Aposição da fórmula executória
Na falta de oposição, ou em caso de desistência da mesma, o
secretário judicial apõe a seguinte fórmula executória no requerimento de
injunção: «Execute- -se».
Artigo 6º.
Oposição do requerido.
1 - O requerido pode opor-se à pretensão no prazo de sete dias a
contar da notificação.
2 - Sendo deduzida oposição, ou frustrando-se a notificação por via
postal, o secretário judicial do tribunal apresentará os autos à distribuição,
sendo conclusos ao juiz, o qual, se o estado do processo o permitir, designará,
desde logo, o dia para julgamento, observando-se a tramitação estabelecida para
o processo sumaríssimo.
Artigo 7º.
Recusa da aposição da fórmula executória
e reclamação
A aposição da fórmula executória só poderá ser recusada quando o
pedido não se adeque às finalidades constantes do artigo 1º. e nas situações em
que à se- cretaria, nos termos da lei do processo, é lícito não receber a
petição, cabendo da recusa reclamação para o juiz presi- dente do tribunal ou do
respectivo juízo cível.
2. Segundo a decisão ora impugnada, 'a actividade
destinada a conferir força executiva ao requerimento do credor, nos termos do
Dec.Lei supra-citado, insere-se no exercício da função jurisdicional', já que
tal actividade 'torna certa a existência de uma obrigação, dispensando o credor
de recorrer ao processo declaratório', ao que acresce que 'o secretário
judicial, embora em casos contados, pode recusar a aposição da fórmula
executória', o que traduz, 'de modo evidente a resolução de uma questão de
direito' por parte desse funcionário.
Será que colhe uma argumentação tal como a acolhida no
despacho sob censura?
Adianta o Tribunal desde já que não.
3. Teve já este órgão de fiscalização concentrada da
constitucionalidade, por várias vezes, oportunidade de se pronunciar sobre a
definição do que seja função jurisdicional comparativamente com aquilo que seja
a função administrativa, tendo por referência as disposições constantes dos
(hoje) números 1 e 2 do artigo 205º da Constituição. Fê-lo, verbi gratia, no
Acórdão nº 443/91 (publicado no Diário da República, 2ª Série, de 2 de Abril de
1992), relatado pelo agora relator, onde se sintetizou, após excurso sobre
várias posições doutrinárias tomadas em torno desta questão, que '[s]erá, pois,
na chamada de resolução de um conflito relativo a um caso concreto, resolução
essa cujo atingir decorre dos critérios constantes de normas jurídicas já
existentes (e, desta arte, tendo como fim específico a realização do direito e
da justiça), que residirá o punctum saliens caracterizador da função
jurisdicional que, assim, não almeja a prossecução e realização de um interesse
público diferente do da composição dos conflitos'.
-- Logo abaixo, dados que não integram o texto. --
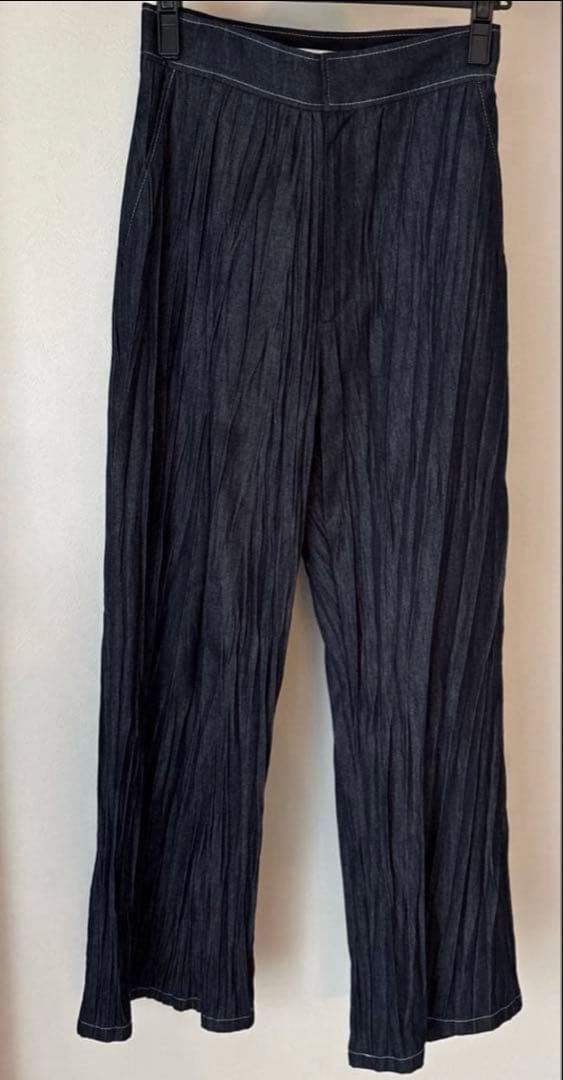 アドーアADORE◆ランダムプリーツ デニム パンツ36◆37,400円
Assente esta caracterização, seguir-se-á,
necessariamente, a análise consistente em saber se, de um lado, a prescrição
ínsita no artº 5º do D.L. nº 404/93 e, de outro, os casos de recusa de aposição
da fórmula executória estatuídos no artº 7º, traduzem o desenvolvimento ou o
exercício, por banda do secretário judicial, de uma função jurisdicional.
4. No tocante à primeira sub-questão, viu-se já que o
despacho sob censura entendeu que a aposição da fórmula executória tornava certa
a existência de uma obrigação e, assim, era uma tal actividade inserível na
função jurisdicional.
Não pode o Tribunal acompanhar um tal raciocínio.
Na verdade, bem vistas as coisas, aquele raciocínio tem,
de modo necessário, de ter como assente a consideração de que à existência de
uma obrigação subjaz um litígio actual e efectivo entre os respectivos sujeitos,
sendo, por isso, imperiosa a intervenção de um órgão jurisdicional que torne
certa tal existência.
Essa consideração, contudo, não tem razão de ser. E isto
pela simples razão de que o cumprimento de determinadas obrigações pode ser
obtido coactivamente sem que se exija uma sentença judicial que as torne
provadas, certas e exequíveis [cfr. alíneas b), c) e d) do artº 46º e artigos
50º, 51º e 1016º, nº 4, todos do Código de Processo Civil - a última destas
disposições tem, por alguma doutrina (cfr. Lebre de Freitas, A Acção Executiva,
51), sido considerada como contendo um título executivo 'judicial impróprio'], e
isto mesmo que não exista uma anterior actividade, desenvolvida por um oficial
público, revestido de fé pública, certificativa da assunção da prestação que se
deseja obtida ou da verdade da assinatura aposta no escrito titulante da
obrigação do devedor (cfr., v.g., nº 1 do aludido artº 51º, designadamente no
que concerne aos extractos de facturas, livranças e cheques e o referido nº 4 do
artº 1016º).
Ora, mesmo nos casos em que a nossa actual lei adjectiva
civil impõe o reconhecimento notarial da assinatura do devedor (citado nº 1 do
artº 51º), como forma de conferir exequibilidade ao escrito, nem daí resulta que
é atestado pelo oficial público a feitura de uma declaração do devedor
confessória da prestação da obrigação. E, nem por isso, deixa de ser conferido a
esse escrito força coactiva imediata, no sentido de dispensar a prolação de uma
decisão jurisdicional que torne certa e indiscutível a existência da obrigação.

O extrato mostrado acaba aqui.